» Activity
Your answer must be an exact copy of the records below, with no pictures in it.

.....

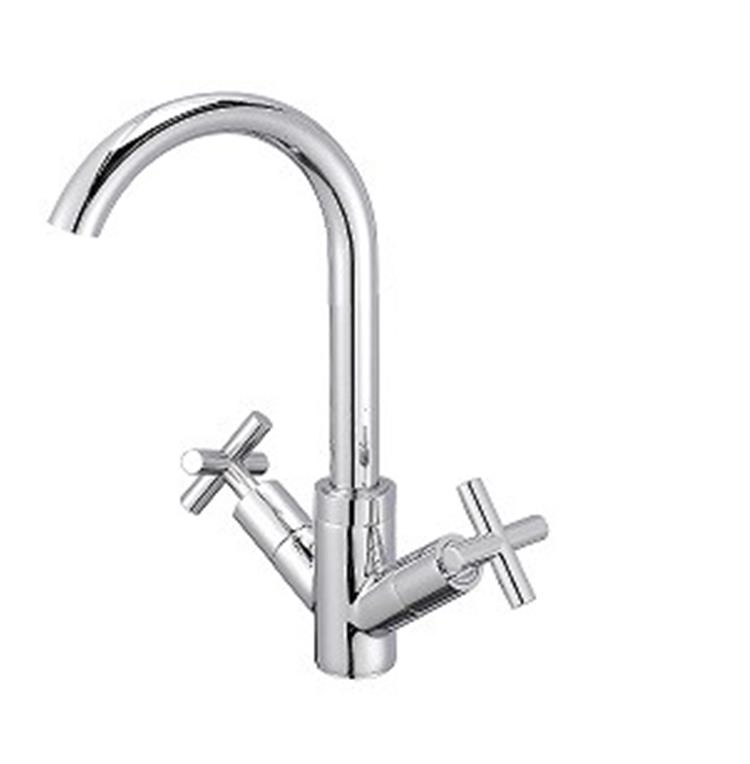 Dual Handle Chrome Kitchen Water Faucet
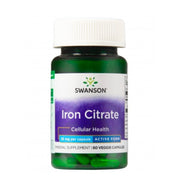 SWANSON dzelzs citrāts 25 mg – 60 kapsulas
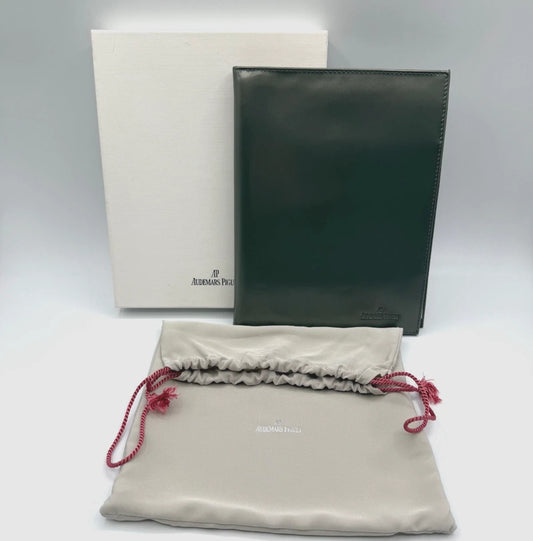 Audemars Piguet agenda block notes notepad pelle grigia grey leather vintage
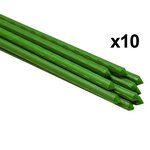 Lot de 10 tuteurs pour plantes et légumes - En fer - Hauteur : 180 cm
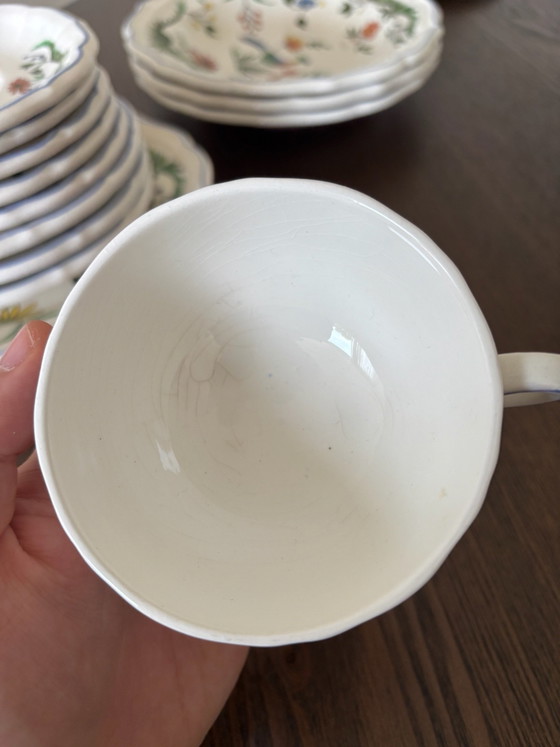 29-Piece Gien Oiseaux de Paradis Vintage Tableware Collection – France – Crockery, Porcelain (photo 8 of 15)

.....

» Task output
 Dual Handle Chrome Kitchen Water Faucet
 SWANSON dzelzs citrāts 25 mg – 60 kapsulas
 Audemars Piguet agenda block notes notepad pelle grigia grey leather vintage
 Lot de 10 tuteurs pour plantes et légumes - En fer - Hauteur : 180 cm
 29-Piece Gien Oiseaux de Paradis Vintage Tableware Collection – France – Crockery, Porcelain (photo 8 of 15)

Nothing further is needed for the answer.